# All of Office Corrupted???



## PCPatrick (Aug 7, 2003)

I'm running Win XP and it appears my Office 2003 is corrupt. At first, I thought it was just an issue with Word--I was receiving error messages regarding the "normal.dot" file and my documents were "locked for editing by" both me and "another user"; however, I've spent the last day following troubleshooting and the problems still persist.

Now, I'm noticing that when I attempt to reply to an email in Outlook, I receive an error message indicating that Word is not installed or corrupt. And, I've also noticed I can no longer open images in Office Picture Manager because it has somehow suddenly "stopped working." 

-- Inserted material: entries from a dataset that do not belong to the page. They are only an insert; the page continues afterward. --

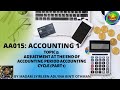 AA015: TOPIC 5 ( ADJUSTMENT AT THE END OF ACCOUNTING PERIOD) PART 1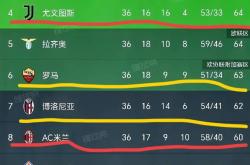 雷速体育官方-罗马主场大胜那不勒斯，实现佳绩连胜领先优势的简单介绍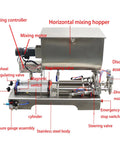 Heavy Duty Semi Automatic Double Head Paste Filling Machine With Integrated Heating And Stirring Hopper Crafted From 304 Stainless Steel For Rich Sauces And Pasty Blends No Sweat Operation 110V with visible components labeled.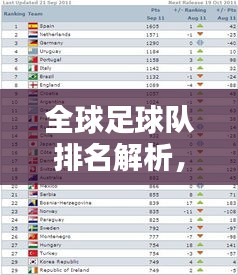 全球足球队排名解析，2010年各国实力一览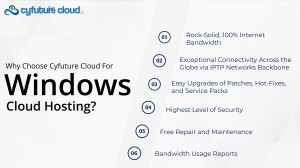 Cyfuture Cloud’s Windows Cloud Servers Enable you to Harness Exceptional Speed & Power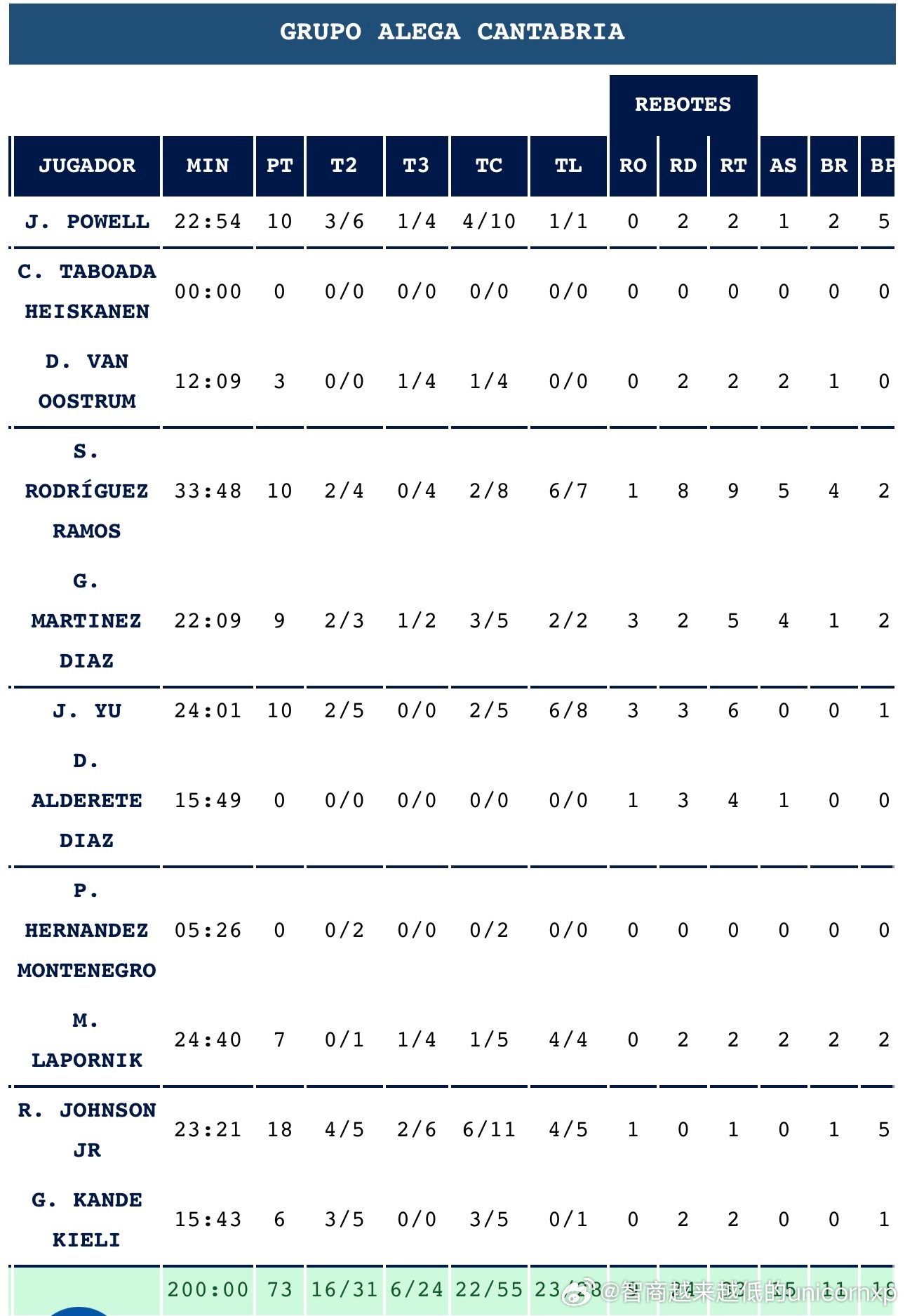 余嘉豪在西乙的表现日趋稳定余嘉豪欧洲篮球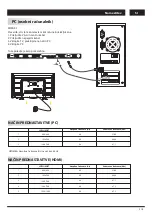 Preview for 99 page of Changhong Electric LED42D2080H Operation Manual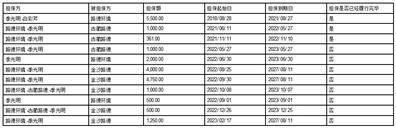 路德环境科技股份有限公司 2022年度向特定对象发行股票发行 结果暨股本变动公告11 路德环境科技股份有限公司 2022年度向特定对象发行股票发行 结果暨股本变动公告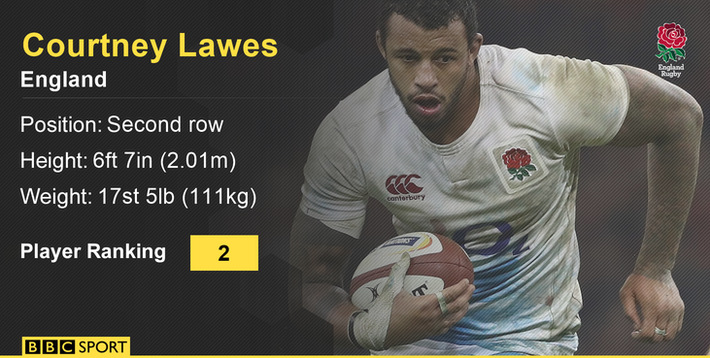 Courtney Lawes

Anyone know what the deal could be? I'd appreciate any help.--Patrick


----------



## Corday (Mar 3, 2010)

Try the Office Repair option if you haven't already.


----------



## macropod (Apr 11, 2008)

Indeed, Help|Detect & Repair from within any Office Application, or via Add/Remove Programs in the Windows Control Panel.

Another possibility is that the Temp folder has become cluttered with orphaned temporary files. To clean those up:
1. Closing all open applications:
2. Click an empty spot on the taskbar & press F3.
3. Make sure that the look in box is your primary hard drive & that "include subfolders" is ticked.
4. Type *.tmp;~*.do?;~*.wbk in the "named" box & search.
5. Delete all these files.
You may get a warning that some of this files are in use. Simply skip those and continue with the rest.


----------



## PCPatrick (Aug 7, 2003)

Corday and macropod,

Thanks for your replies. When I try the office repair, I get a Windows Installer error, saying "Error opening Windows installation log file. Verify that the specified log file location exists and is writable."

Also, when I attempt to access the look in box by clicking on the taskbar and then pressing F3, nothing is coming up. Is there another way to delete the *.tmp;~*.do?;~*.wbk files?

Thanks.--Patrick


----------



## macropod (Apr 11, 2008)

Did you ensure the look in box was pointing to your primary hard drive (presumably C:\)?


----------



## PCPatrick (Aug 7, 2003)

macropod said:


> Did you ensure the look in box was pointing to your primary hard drive (presumably C:\)?


Oh, okay. I originally misunderstood. However, when I look for "~*.do?" files to delete, it appears a ton of my Word documents appear--perhaps all of them saved on my hard drive. I need to delete all of these? Thanks.


----------



## macropod (Apr 11, 2008)

PCPatrick said:


> I need to delete all of these?


Unless you've been creating files whose names begins with ~, yes.


----------



## sobeit (Nov 11, 2007)

do a search for normal.dot file. make sure hidden files are shown. once found, delete it. It will be recreated the next time you start office.


----------



## macropod (Apr 11, 2008)

Normal.dot deletion is a bit drastic if the OP has customisations (page formats, fonts, styles, macros, the list goes on) there they want to keep, especially if clearing the orphaned the temp files resolves the problem.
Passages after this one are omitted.